Getting ready to add the final touch to my Infinito - a computer. If you have one mounted, which one do you use? Can you upload pics?!

Thanks!


----------



## spade2you (May 12, 2009)

Big fan of the Garmin 500. It can do as little or as much as you want and download to your home computer when you're done.


----------



## Kodi Crescent (Aug 3, 2011)

I'm seriously considering that one. Do you have an Infinito, and do you have it mounted? The chainstays are shaped a bit oddly.

Maybe Bottechia_eja can add one first and upload pictures?!:smilewinkgrin:


----------



## spade2you (May 12, 2009)

Kodi Crescent said:


> I'm seriously considering that one. Do you have an Infinito, and do you have it mounted? The chainstays are shaped a bit oddly.
> 
> Maybe Bottechia_eja can add one first and upload pictures?!:smilewinkgrin:


I use it on my C2C and D2 Crono. No need for a speed sensor. I wish I could tell ya how well the Cadence sensor worked, but mine is in the power meter crank.


----------



## bottecchia_eja (Jul 18, 2010)

Kodi Crescent said:


> I'm seriously considering that one. Do you have an Infinito, and do you have it mounted? The chainstays are shaped a bit oddly.
> 
> Maybe Bottechia_eja can add one first and upload pictures?!:smilewinkgrin:


I have the Garmin 500. As someone already mentioned, it can do as much, or as little, as you want it to do. PLus I can use it on 2 other bikes.

The "oddly" shaped seststay caused a bit of a problem with the speed and cadence sensors. But I found a way to make it work that looks pretty good (I think). 

Things may change when I get my Campy Record gruppo installed. 

I will post pics later tonight.


----------



## jpdigital (Dec 1, 2006)

Another Garmin Edge 500 user on my Infinito. I have a blue Infinito with the white & blue Garmin. I'll try to post a picture in the next day or two...


----------



## bottecchia_eja (Jul 18, 2010)

jpdigital said:


> Another Garmin Edge 500 user on my Infinito. I have a blue Infinito with the white & blue Garmin. I'll try to post a picture in the next day or two...

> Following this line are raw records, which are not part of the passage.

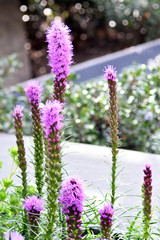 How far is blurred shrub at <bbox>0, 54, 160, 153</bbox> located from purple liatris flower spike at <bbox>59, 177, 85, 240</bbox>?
2.18 metres

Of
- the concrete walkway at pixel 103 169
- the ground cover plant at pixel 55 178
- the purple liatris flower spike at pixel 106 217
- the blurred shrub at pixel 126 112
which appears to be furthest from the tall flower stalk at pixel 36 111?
the blurred shrub at pixel 126 112

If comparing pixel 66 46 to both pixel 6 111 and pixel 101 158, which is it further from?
pixel 6 111

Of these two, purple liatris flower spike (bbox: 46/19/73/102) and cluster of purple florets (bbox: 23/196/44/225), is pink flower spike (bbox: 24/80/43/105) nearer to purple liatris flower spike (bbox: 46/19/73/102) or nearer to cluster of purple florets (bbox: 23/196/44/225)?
purple liatris flower spike (bbox: 46/19/73/102)

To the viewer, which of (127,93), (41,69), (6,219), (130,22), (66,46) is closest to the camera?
(66,46)

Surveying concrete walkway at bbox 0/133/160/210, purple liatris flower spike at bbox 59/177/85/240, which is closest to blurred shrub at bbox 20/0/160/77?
concrete walkway at bbox 0/133/160/210

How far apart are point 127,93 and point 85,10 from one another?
21.7ft

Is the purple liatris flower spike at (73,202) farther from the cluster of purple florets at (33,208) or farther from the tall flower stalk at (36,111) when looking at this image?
the tall flower stalk at (36,111)

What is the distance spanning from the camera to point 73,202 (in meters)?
0.94

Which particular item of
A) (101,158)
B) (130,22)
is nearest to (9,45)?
(130,22)

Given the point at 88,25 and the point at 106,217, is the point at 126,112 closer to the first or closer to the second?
the point at 106,217

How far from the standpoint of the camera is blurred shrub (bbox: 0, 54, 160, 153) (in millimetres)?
3332

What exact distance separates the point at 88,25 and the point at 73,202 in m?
9.38

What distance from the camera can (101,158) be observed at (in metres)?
2.53

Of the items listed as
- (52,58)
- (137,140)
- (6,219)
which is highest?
(137,140)
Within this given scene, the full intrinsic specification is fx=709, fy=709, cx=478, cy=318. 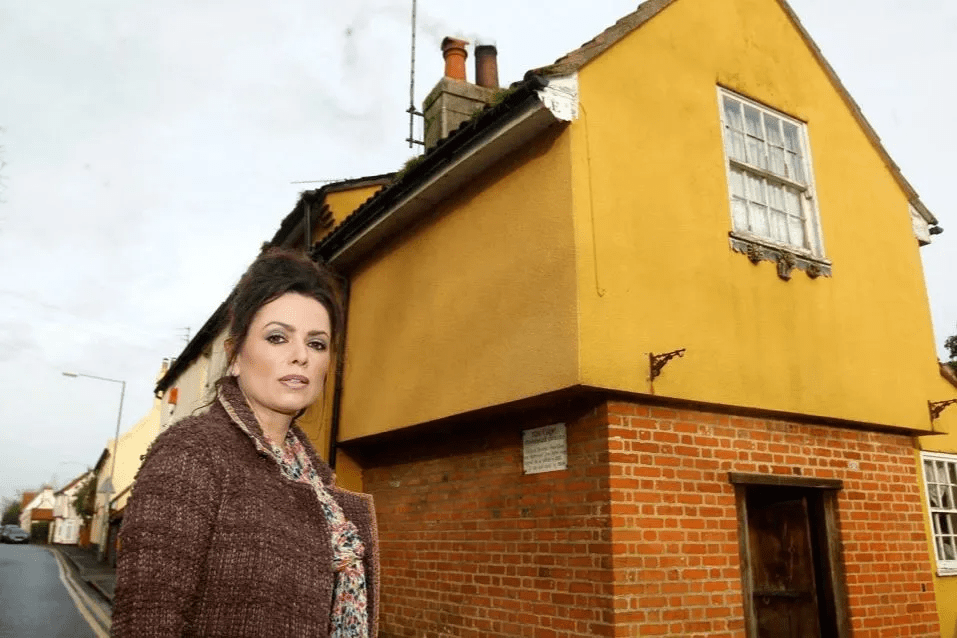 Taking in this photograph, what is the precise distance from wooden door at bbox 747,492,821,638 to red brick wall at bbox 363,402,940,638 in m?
0.32

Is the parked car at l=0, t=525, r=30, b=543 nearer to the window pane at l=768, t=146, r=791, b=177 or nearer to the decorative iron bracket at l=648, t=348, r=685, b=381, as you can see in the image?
the decorative iron bracket at l=648, t=348, r=685, b=381

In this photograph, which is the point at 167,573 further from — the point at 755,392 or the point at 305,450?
the point at 755,392

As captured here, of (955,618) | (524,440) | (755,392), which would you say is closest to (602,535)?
(524,440)

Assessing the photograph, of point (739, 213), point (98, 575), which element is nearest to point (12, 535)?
point (98, 575)

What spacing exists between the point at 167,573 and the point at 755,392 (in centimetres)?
536

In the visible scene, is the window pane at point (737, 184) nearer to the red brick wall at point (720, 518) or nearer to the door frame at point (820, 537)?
the red brick wall at point (720, 518)

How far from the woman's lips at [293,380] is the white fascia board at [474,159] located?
403 cm

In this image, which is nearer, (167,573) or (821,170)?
(167,573)

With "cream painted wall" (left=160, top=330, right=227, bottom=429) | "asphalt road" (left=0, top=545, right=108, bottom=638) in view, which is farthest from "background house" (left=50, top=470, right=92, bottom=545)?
"cream painted wall" (left=160, top=330, right=227, bottom=429)

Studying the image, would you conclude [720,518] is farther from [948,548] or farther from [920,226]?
[920,226]

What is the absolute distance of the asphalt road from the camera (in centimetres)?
1077

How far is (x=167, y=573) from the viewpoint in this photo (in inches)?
64.7

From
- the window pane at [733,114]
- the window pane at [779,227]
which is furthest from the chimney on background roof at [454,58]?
the window pane at [779,227]

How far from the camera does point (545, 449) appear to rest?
5.80 m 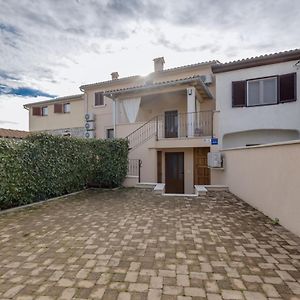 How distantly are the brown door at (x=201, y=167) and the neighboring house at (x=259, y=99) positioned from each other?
122 centimetres

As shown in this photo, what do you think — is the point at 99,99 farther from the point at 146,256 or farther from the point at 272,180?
the point at 146,256

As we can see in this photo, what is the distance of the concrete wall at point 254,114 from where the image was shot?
1031 centimetres

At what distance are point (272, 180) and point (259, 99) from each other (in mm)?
7010

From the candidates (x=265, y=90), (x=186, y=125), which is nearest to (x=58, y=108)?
(x=186, y=125)

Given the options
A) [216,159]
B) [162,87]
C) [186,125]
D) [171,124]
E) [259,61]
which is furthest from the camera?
[171,124]

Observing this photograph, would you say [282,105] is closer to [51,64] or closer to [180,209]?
[180,209]

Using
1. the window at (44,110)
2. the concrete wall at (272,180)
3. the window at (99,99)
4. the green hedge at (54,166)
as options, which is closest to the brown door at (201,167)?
the concrete wall at (272,180)

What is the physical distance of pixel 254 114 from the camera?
431 inches

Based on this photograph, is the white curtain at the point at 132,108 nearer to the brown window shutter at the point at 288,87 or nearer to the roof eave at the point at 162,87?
the roof eave at the point at 162,87

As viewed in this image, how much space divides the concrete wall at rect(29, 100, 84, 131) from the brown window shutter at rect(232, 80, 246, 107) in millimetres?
13160

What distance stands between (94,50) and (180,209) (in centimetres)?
748

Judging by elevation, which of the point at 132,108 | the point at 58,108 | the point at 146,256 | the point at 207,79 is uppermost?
the point at 207,79

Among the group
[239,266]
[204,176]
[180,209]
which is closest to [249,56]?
[204,176]

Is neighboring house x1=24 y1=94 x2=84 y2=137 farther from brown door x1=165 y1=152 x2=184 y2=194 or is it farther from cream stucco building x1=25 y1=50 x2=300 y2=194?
brown door x1=165 y1=152 x2=184 y2=194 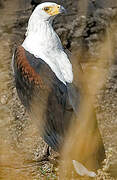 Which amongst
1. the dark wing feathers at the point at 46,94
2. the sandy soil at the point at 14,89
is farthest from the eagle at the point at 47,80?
the sandy soil at the point at 14,89

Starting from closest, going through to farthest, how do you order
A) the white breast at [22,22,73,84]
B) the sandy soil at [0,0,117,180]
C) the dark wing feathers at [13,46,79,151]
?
the dark wing feathers at [13,46,79,151] → the white breast at [22,22,73,84] → the sandy soil at [0,0,117,180]

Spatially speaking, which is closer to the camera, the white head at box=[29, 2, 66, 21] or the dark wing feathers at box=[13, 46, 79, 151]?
the dark wing feathers at box=[13, 46, 79, 151]

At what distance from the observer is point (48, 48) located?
6.01 metres

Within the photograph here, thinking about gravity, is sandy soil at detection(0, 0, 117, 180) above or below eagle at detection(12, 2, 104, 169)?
below

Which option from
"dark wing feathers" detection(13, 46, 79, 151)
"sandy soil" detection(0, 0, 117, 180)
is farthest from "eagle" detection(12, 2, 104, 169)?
"sandy soil" detection(0, 0, 117, 180)

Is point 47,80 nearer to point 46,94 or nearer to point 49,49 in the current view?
point 46,94

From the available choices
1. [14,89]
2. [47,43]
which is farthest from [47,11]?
[14,89]

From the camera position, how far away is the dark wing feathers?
5.50 meters

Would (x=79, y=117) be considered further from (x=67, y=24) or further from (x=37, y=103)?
(x=67, y=24)

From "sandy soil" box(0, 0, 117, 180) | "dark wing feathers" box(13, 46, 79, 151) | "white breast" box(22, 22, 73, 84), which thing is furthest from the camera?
"sandy soil" box(0, 0, 117, 180)

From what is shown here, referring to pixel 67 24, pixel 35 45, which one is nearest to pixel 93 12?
pixel 67 24

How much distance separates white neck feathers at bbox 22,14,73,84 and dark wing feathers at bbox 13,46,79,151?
0.09 meters

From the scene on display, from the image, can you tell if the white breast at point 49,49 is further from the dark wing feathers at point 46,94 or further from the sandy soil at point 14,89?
the sandy soil at point 14,89

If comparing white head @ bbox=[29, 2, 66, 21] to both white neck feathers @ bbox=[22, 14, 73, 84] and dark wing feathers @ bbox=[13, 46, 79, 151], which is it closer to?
white neck feathers @ bbox=[22, 14, 73, 84] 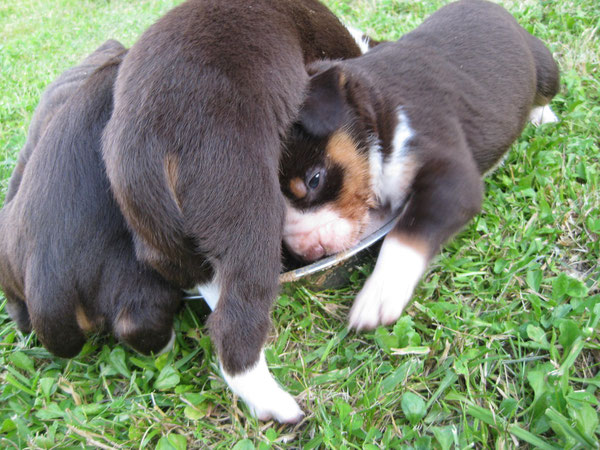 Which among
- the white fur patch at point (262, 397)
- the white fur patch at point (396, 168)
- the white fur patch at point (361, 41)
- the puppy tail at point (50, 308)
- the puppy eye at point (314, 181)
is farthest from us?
the white fur patch at point (361, 41)

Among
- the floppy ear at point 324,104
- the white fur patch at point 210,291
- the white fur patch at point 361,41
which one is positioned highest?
the floppy ear at point 324,104

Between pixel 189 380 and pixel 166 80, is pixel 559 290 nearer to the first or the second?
pixel 189 380

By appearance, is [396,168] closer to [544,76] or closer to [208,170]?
[208,170]

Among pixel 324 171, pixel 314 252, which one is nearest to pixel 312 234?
pixel 314 252

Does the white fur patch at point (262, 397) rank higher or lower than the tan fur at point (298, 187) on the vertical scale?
lower

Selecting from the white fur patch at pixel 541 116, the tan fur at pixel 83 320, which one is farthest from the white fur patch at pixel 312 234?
the white fur patch at pixel 541 116

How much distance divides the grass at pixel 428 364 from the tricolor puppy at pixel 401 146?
21 centimetres

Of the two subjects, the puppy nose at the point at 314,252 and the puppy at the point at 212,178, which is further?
the puppy nose at the point at 314,252

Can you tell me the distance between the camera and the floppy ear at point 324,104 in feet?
8.43

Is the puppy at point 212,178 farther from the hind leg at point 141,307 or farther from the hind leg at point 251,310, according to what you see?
the hind leg at point 141,307

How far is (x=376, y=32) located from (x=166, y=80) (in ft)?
13.6

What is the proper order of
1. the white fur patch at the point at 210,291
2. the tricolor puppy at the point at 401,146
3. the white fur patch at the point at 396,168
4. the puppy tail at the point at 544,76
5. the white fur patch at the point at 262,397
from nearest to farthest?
1. the white fur patch at the point at 262,397
2. the white fur patch at the point at 210,291
3. the tricolor puppy at the point at 401,146
4. the white fur patch at the point at 396,168
5. the puppy tail at the point at 544,76

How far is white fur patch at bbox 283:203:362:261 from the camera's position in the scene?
2566mm

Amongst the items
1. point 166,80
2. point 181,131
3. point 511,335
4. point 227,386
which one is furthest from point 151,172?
point 511,335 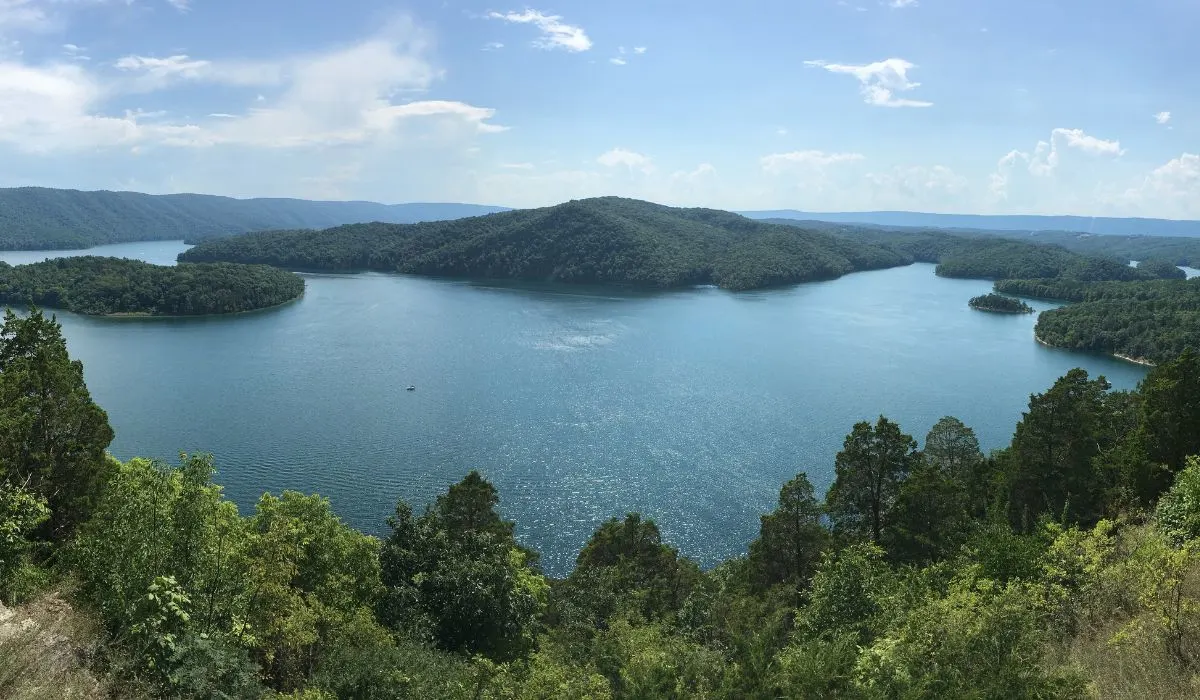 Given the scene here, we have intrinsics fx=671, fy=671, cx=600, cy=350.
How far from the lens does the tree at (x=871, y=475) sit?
20.2 metres

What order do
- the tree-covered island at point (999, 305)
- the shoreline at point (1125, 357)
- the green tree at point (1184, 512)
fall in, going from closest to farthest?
the green tree at point (1184, 512) < the shoreline at point (1125, 357) < the tree-covered island at point (999, 305)

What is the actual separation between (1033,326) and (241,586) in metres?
102

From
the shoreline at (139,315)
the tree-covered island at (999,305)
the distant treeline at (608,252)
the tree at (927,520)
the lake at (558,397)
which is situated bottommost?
the lake at (558,397)

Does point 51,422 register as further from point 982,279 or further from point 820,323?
point 982,279

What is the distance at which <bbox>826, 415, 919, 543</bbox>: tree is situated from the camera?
20.2 m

Dang it, they don't make one in Celeste Green...that is one serious omission. :cryin:


----------



## adjtogo (Nov 18, 2006)

++++++1 on the Garmin Edge 500. I love it!! I had a Cateye Strada Double Wireless before I bought the 500. The Garmin GPS is much more than I expected. I bought it out of necessity after I had a stent put in my LAD artery in May. I was ordered to wear a HRM when cycling by my cardiologist. When I get to 165 BPM, I know I've topped out and need to back it down a bit. I an go as high as 175, but my alarm is set at 165 so I don't bonk out. All I can say is, I don't know what I did without it!!! There's so many different measurements it takes that you can download and analyze on your compter afterwards. It's very helpful!!


----------



## kbwh (May 28, 2010)

*Sigma BC 1909*

The shapely shape of the Infinito Chain stay makes the mounting of the cadence sensor a bit weird, but it stays put.


----------



## Kodi Crescent (Aug 3, 2011)

bottecchia_eja said:


> Dang it, they don't make one in Celeste Green...that is one serious omission. :cryin:


Spray paint?


----------



## BrentWayne (Apr 23, 2011)

*another Garmin user*

Another voter for the Garmin 500. 6 months and working flawless to date. Getting another one for my wife's bike next week. Gray/Neutral Color looks great on Infinito Celeste. I use HR monitor and ride tracking functions. Can't bring myself to strap the Cadence sensor on bike frame yet given its size. Soon maybe.


----------



## bottecchia_eja (Jul 18, 2010)

Here are pics of my Garmin 500 setup on the Bianchi Infinito:

Note: I was reminded in an e-mail that what I kept calling seatstays are really chain stays. That's what happens when I write after a long afterwork ride (and an even longer day at work).  Thank you KBWH :thumbsup:

First photo shows the Garmin 500 mounted on the bike’s stem. If only they had the Garmin 500 in Celeste Green!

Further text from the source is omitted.